Fleet Admiral William T. Riker
Starfleet Headquarters, San Francisco, California
Earth
0256 PST


So it was more like five minutes. Even Will Riker, who worked here every day, had never seen this level of chaos in Starfleet Headquarters' central transporter terminal. MACOs and Starfleet Security personnel in full battle dress, armor and all, were working their way through the crowds of people trying to get to their ships. Periodically a ship would find a lock and beam people out before they got to a pad.

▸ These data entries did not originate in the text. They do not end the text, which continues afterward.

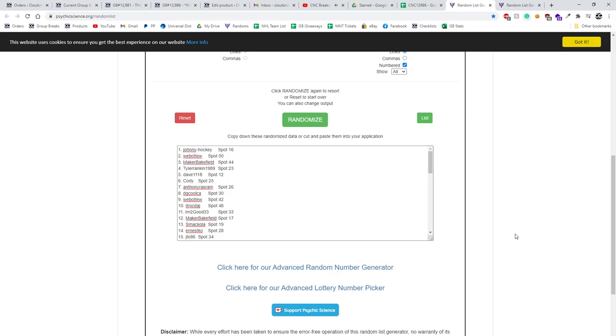Starting off C&C group break 12,986. We've got the Encased basketball box. Best of luck guys, three times, starting with all the names.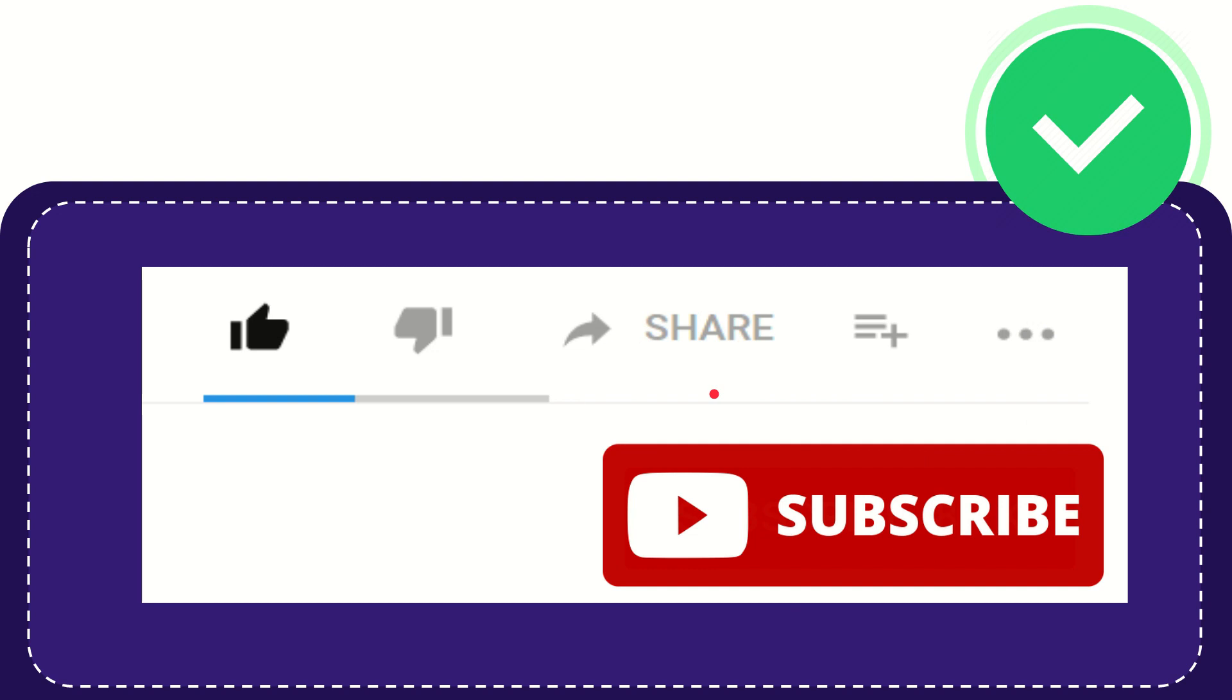And yeah don't forget to subscribe. I think that's all of it. Thank you so much for watching this video and see you again in another video. Bye-bye, see you again.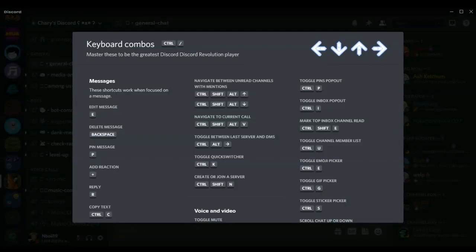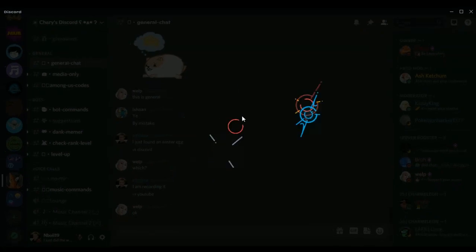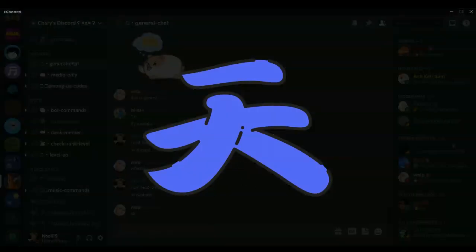Now you need to click Caps Lock, then H, then the right arrow, and then NK — which will lead to something like this. Check this out guys, it's so dope!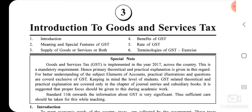Hello everyone. I am Trupti Pandya and today I will be teaching you Elements of Accounts, Standard 11, Part 1, Chapter 3.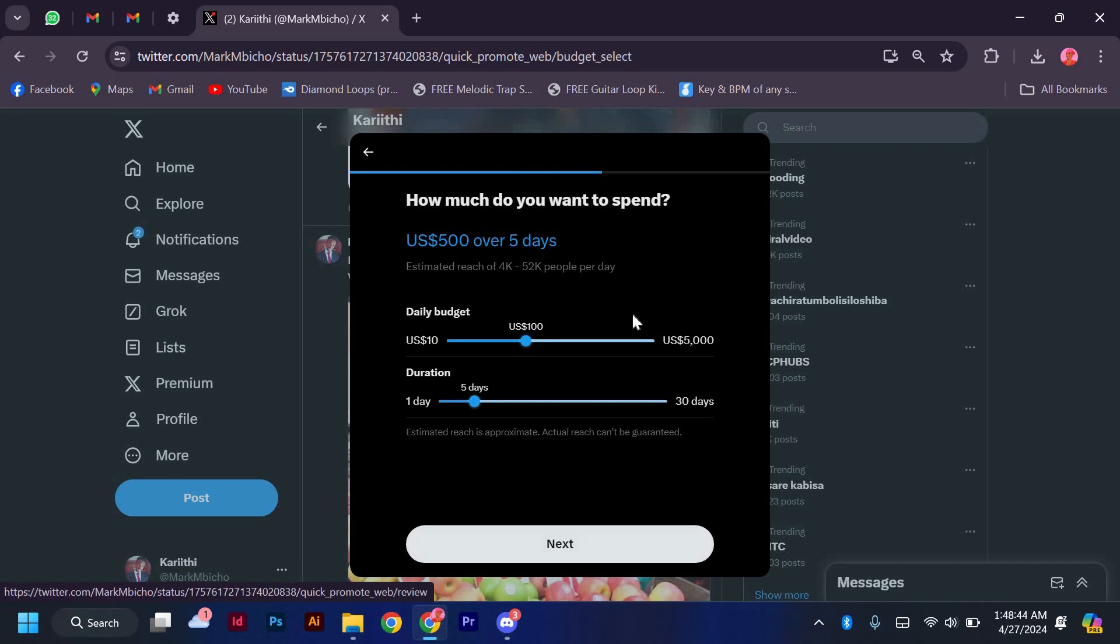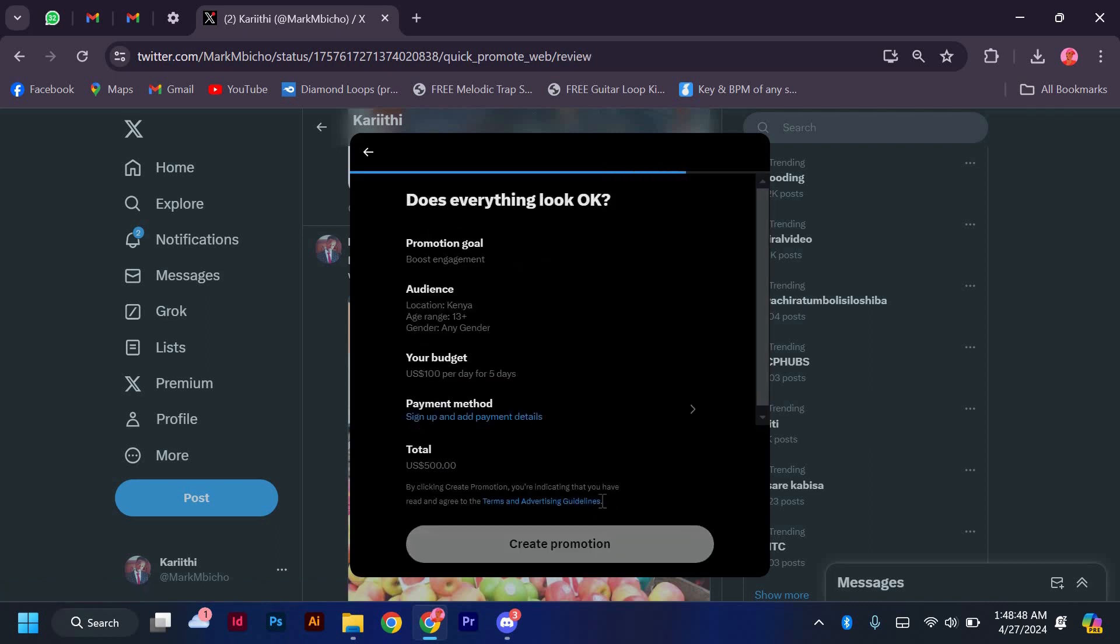Set your budget and duration for the promotion. X, which is Twitter, offers flexible options to suit your needs whether you're looking for a short-term boost or a longer campaign.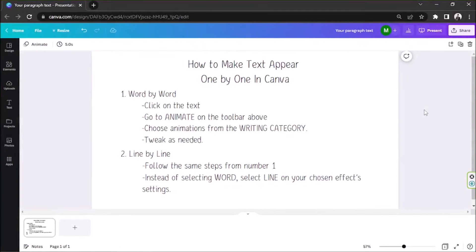How to make text appear one by one in Canva? This would be something useful, especially if you're making a presentation or even a video using Canva.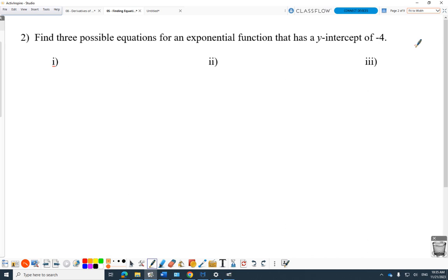Question 2: find three possible equations for an exponential function that has y-intercept negative 4. This is why I did that last one — because if you just go out and write y equals 2 to the x, that's not going to have a y-intercept of negative 4; it's going to have y-intercept of 1. So what's the easiest way to fix this problem? I can think of two easy ways.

This chaos wasn't helped by somebody who saw him and managed be heard hollering, "Admiral on deck!" over the noise of the crowd. Everybody froze where they were and snapped to attention.

"As you were," Will shouted, but he hand-signaled one of the MACO fireteams, and two of the commandos pressed their way through the crowd with their stunsticks to open a path for him past the security desk.

"Good morning, sir," one of the MACOs said to him as they reached him and started guiding him through the morass. She was shorter than Deanna, and a Vulcan. No, a Romulan: he could see the v-shaped ridge on her forehead behind her decidedly non-regulation-length bangs.

Will yawned. "I suppose it is, technically."

The petty officer next to her chuckled. "I suppose you're usually here on the day shift, then, sir."

"Usually, Operator, um—"

"Freeman, sir. This is Master Chief Haellh."

"Pleased to meet you," Will said. "Trying to get to the command center."

"This way, sir," Haellh said. "Move! Out of the way!" The small Romulan forced her way through the crowd, twirling her powered-down stunstick to prod a path open.

"Where are you from, Master Chief?" Will was just making conversation.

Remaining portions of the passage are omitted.